ENVOYEZ VOS INFOS :

CONTACT [at] RADIOMETAL [dot] FR

Interview   

Alice Cooper : le gosse de Detroit


Un peu plus d’un an après la sortie de l’EP Breadcrumbs, Alice Cooper revient à la charge et poursuit son hommage à Detroit, sa ville de naissance et de cœur. Une nouvelle fois produit par le légendaire Bob Ezrin, qui avait déjà marqué de son empreinte l’album Love It To Death, le premier succès de l’artiste il y a cinquante ans, Detroit Stories est une lettre d’amour à la Motor City et à sa jeunesse, composée et enregistrée avec une flopée de musiciens, dont des locaux tels que Wayne Kramer (MC5), Johnny « Bee » Badanjek (Detroit Wheels) ou Paul Randolph et les originaux du Alice Cooper Band.
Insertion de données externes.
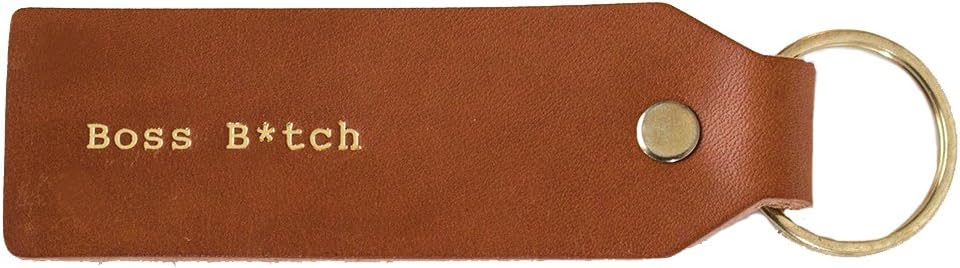 "Boss Bitch" Gold Embossed Leather Key Fob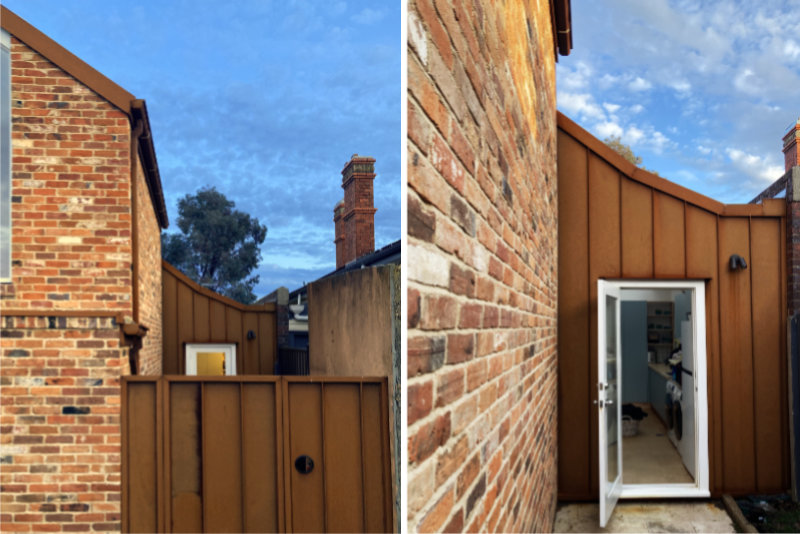 recycled red brick and rusted metal clad building details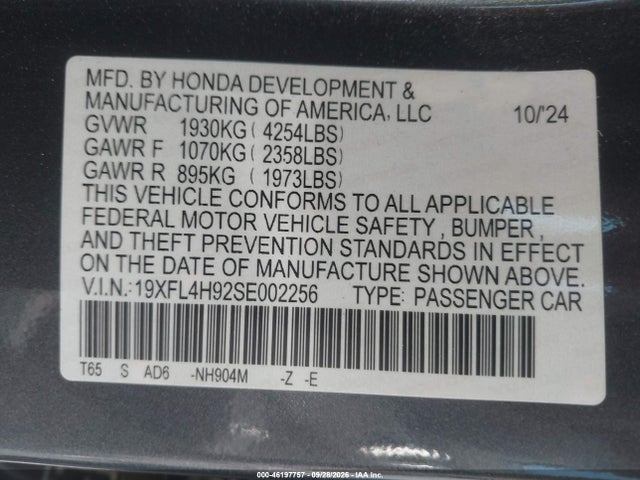 Продаж на аукціоні авто 2025 Honda Civic Hybrid Sport Touring, vin: 19XFL4H92SE002256, номер лоту: 46197757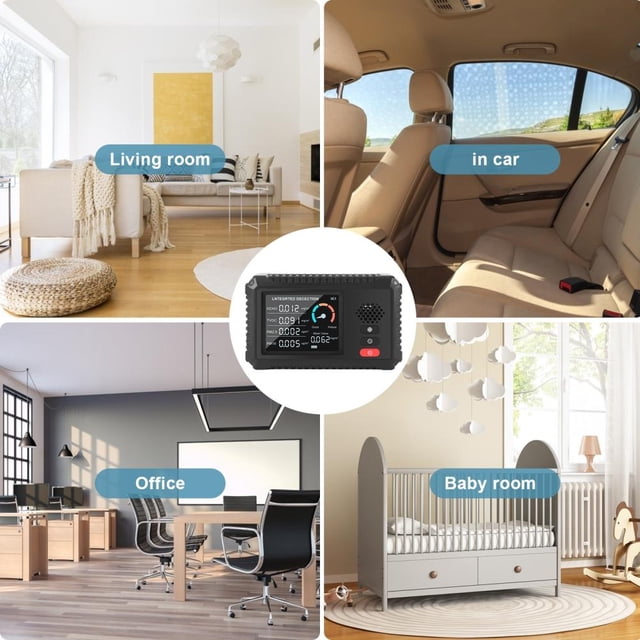 Dispositivo de medición de la calidad del aire, medidor de calidad del aire TVOC HCHO CO2 PM2.5 Monitor de calidad del aire probado y confiable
De sa découverte du rock n’ roll à son aversion profonde pour la politique, en passant par son évolution artistique ou sa relation avec les producteurs Bob Ezrin et Desmond Child, nous reprenons notre discussion avec le Coop qui répond à nos questions avec la verve qu’on lui connaît et relate avec tendresse les souvenirs d’une époque désormais lointaine, mais toujours aussi vive dans son esprit.

Note : Interview parue initialement dans le second numéro du magazine Radio Metal. Le nouveau numéro sera disponible aux points de distribution et en commande dans notre shop à partir du 21 avril.

« Plein de groupes ne nous aimaient pas parce que nous menacions leur position mais, en dehors de ça, je n’ai jamais eu d’ennemi. »

Radio Metal : Après l’EP Breadcumbds, tu poursuis ton hommage à la ville de Detroit avec l’album Detroit Stories, un album réalisé à Detroit pour Detroit et par des habitants de Detroit. Qu’est-ce qui t’a motivé à te reconnecter à Detroit à ce stade de ta carrière ?

Alice Cooper (chant) : Je pense que qu’il y a un peu de nostalgie, mais à la fois, aux Etats-Unis, différentes régions étaient marquées par différents types de musique. Los Angeles avait les Doors, Love et Buffalo Springfield ; San Francisco avait les Grateful Dead et Jefferson Airplane; New York avait les Young Rascals. Tandis que Detroit a toujours été la capitale hard rock des Etats-Unis. Tous les groupes de hard rock venaient de Detroit. C’est là que nous nous sentions le plus à l’aise car c’est le genre de musique que nous faisions. En plus de ça, je suis né à Detroit et ensuite, le groupe y est revenu en 1969, nous y avons vécu et y jouions tout le temps. Tous les weekends, nous jouions au Grande Ballroom, au Eastown, au Fox, etc. Il y avait toujours Alice Cooper, Bob Seger, Ted Nugent et la tête d’affiche était les Who, les Kinks, Savoy Brown, etc. Nous étions tous de jeunes groupes qui n’avaient pas encore percé. Les Stooges, MC5 et Alice Cooper étaient uniquement populaires là-bas, à Detroit. Nous n’étions pas encore sur la scène nationale. C’est quand le hit « I’m Eighteen » est sorti que nous sommes devenus un groupe national. C’était une grosse étape mais encore aujourd’hui j’attribue ce succès à Detroit grâce à toute cette influence. Ça fait donc partie de mon ADN. Mon genre de rock n’ roll est très porté sur les guitares.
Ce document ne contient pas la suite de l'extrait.